In risposta alle interrogazioni Barbaro-Rauti sulla morte dell’ambasciatore Attanasio e del carabiniere Iacovacci in un agguato terroristico in Congo, il viceministro degli Affari Esteri, Marina Sereni «ha dato risposte a nostro modo sconcertanti dichiarando come fosse dello stesso diplomatico il compito di provvedere a un adeguato dispositivo di sicurezza»: così i senatori di Fratelli d’Italia Claudio Barbaro e Isabella Rauti.

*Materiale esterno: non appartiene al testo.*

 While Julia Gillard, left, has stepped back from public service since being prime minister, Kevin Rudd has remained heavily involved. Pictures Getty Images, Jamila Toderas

Questa la risposta scritta del Viceministro che, di fatto, identifica lo stesso Attanasio quale responsabile del tragico accadimento: «l’ambasciatore d’Italia a Kinshasa (Repubblica Democratica del Congo) è la figura individuata quale datore di lavoro, cui spettano, nell’ambito della propria autonomia gestionale e finanziaria, la valutazione dei rischi e ogni opportuno intervento a mitigazione degli stessi, con pieni poteri organizzativi e di spesa».
«La tesi sostenuta dal governo – proseguono i senatori Barbaro e Rauti – è sconcertante, avvilente e denigratoria per memoria di due Servitori dello Stato. Le norme riportate a sostegno delle tesi in risposta, assegnano allo stesso Attanasio le responsabilità tipiche del datore di lavoro. È altresì da ricordare come lo stesso ambasciatore, nel novembre del 2018, chiese il rafforzamento del proprio assetto di protezione ravvicinata: come mai lo chiese se aveva ampi poteri decisionali e di spesa in materia di sicurezza? ».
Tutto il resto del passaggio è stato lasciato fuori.